Dscf0515_edited1『日本人には二種類いる 1960年の断層』(岩村暢子著/新潮新書/2013年10月20日刊)

 どうもこの「世代別マーケティング」という手法は広告代理店が良く使う方法で、エリアマーケティングが1960年のテレビの普及とともに使えなくなったために、手に入れた方法なのではないだろうか。

 で、一番最初にターゲットにされたのが「団塊の世代」というやつ。勿論、日本人口の最大のボリュームゾーンであり、子どものころはまだ日本全体が貧しかったのだが、その後高度成長を遂げ、「何でもお金で手に入る」時代を経験し、未だにその蓄えた財産はもっとも多くが団塊の世代に集中している。彼らから如何にして金を引き出すかが、今の日本経済の最大課題ではある。ということで。

 で、その団塊の世代の次なるターゲットになったのが、この本で触れられている「1960年代生まれ」ということなのではないだろうか。つまり、それまでは団塊の世代くらいしか年代別マーケティング的な呼び方はなかったものが、この1960年生まれから先は、1965~1969年生まれのバブル世代、1971~1983年生まれの就職氷河期世代(その中に、1971~1974年生まれの団塊ジュニアを含む)、1987~2004年生まれのゆとり世代などなどの、いろいろな世代別の呼び方と、その世代へ向けたマーケィングが行われている。もう一つ別の切り口から見れば1992年以降のデジタルネイティブなんて呼び方もある。

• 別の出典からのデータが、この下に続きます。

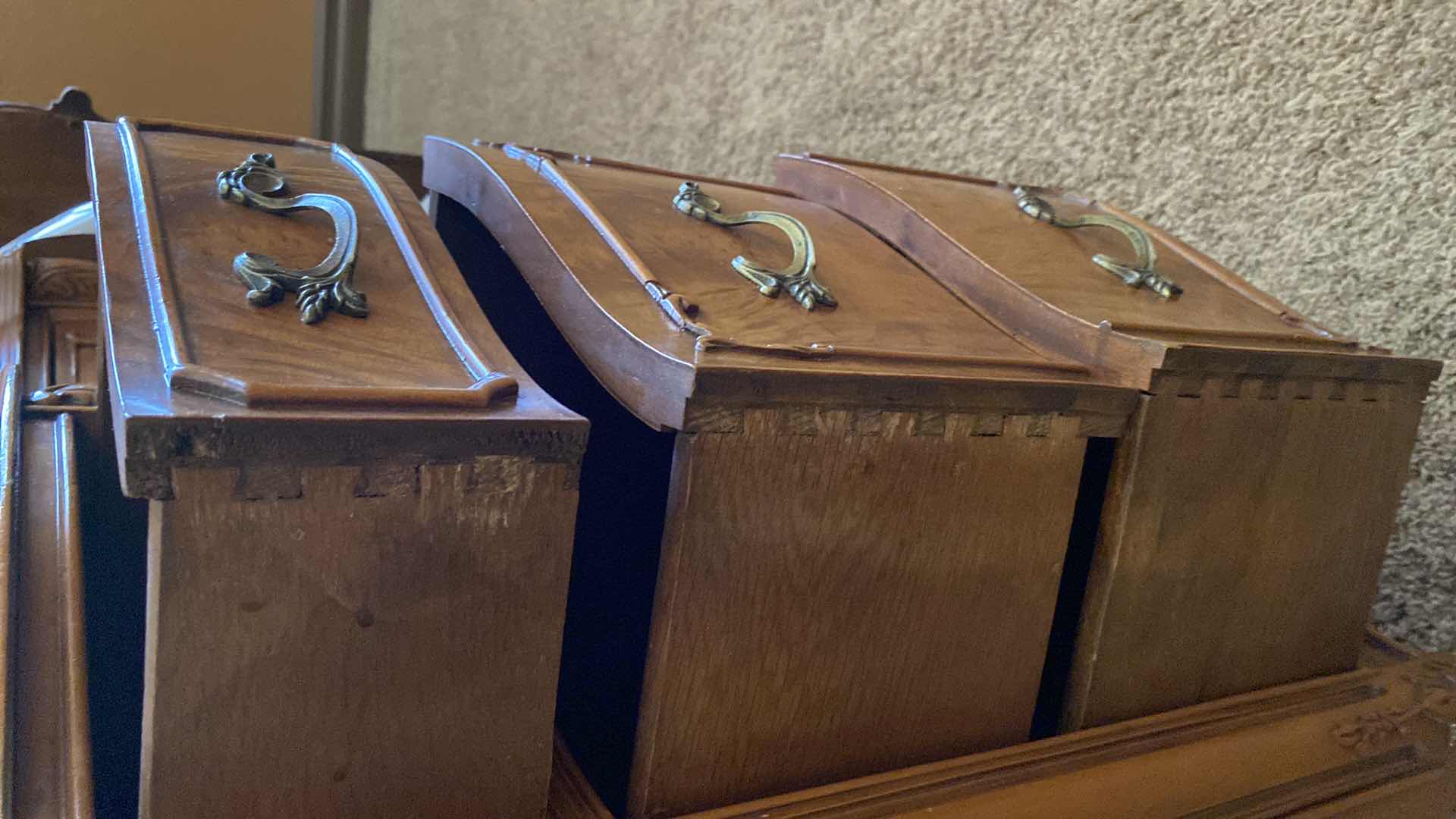 Photo 1 of ANTIQUE VANITY WITH ACANTHUS LEAF TRIM,  DOVETAIL CONSTRUCTION INCLUDES  MIRROR AND BENCH 50“ x 20“  H 30“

 こうした世代別に人口を分けるという考え方が、まさしくマーケティングのための手法でしかない(あるいはである)ことの証左は岩村氏が「おわりに」で書いたこの言葉でもって示される。

『『人口統計』(総務省統計局、2012年10月発表)によれば、「’60年型」は既に日本人全体の約6割(59%)を占め、「旧型」は4割(41%)と少数派になっている。これからますます「’60年型」の感覚と価値観がものごとを動かす時代になっていくことは、間違いない』

 しかし、問題は企業がこうしたマーケティング手法で商品を消費者に訴えていくことは、企業の勝手であるが、それを一般の人が受け入れる必要は全くないということを書かないことなのだ。まあ、岩村氏自身がもともとアサツーDKの人で、そこでのマーケティング手法を用いて書いた本なのだから、それはそれでしょうがないんだけれども、だからこの本を読んだ一般の人は、この本の取り扱いには注意して、真に受けないようにしましょう、ということなのである。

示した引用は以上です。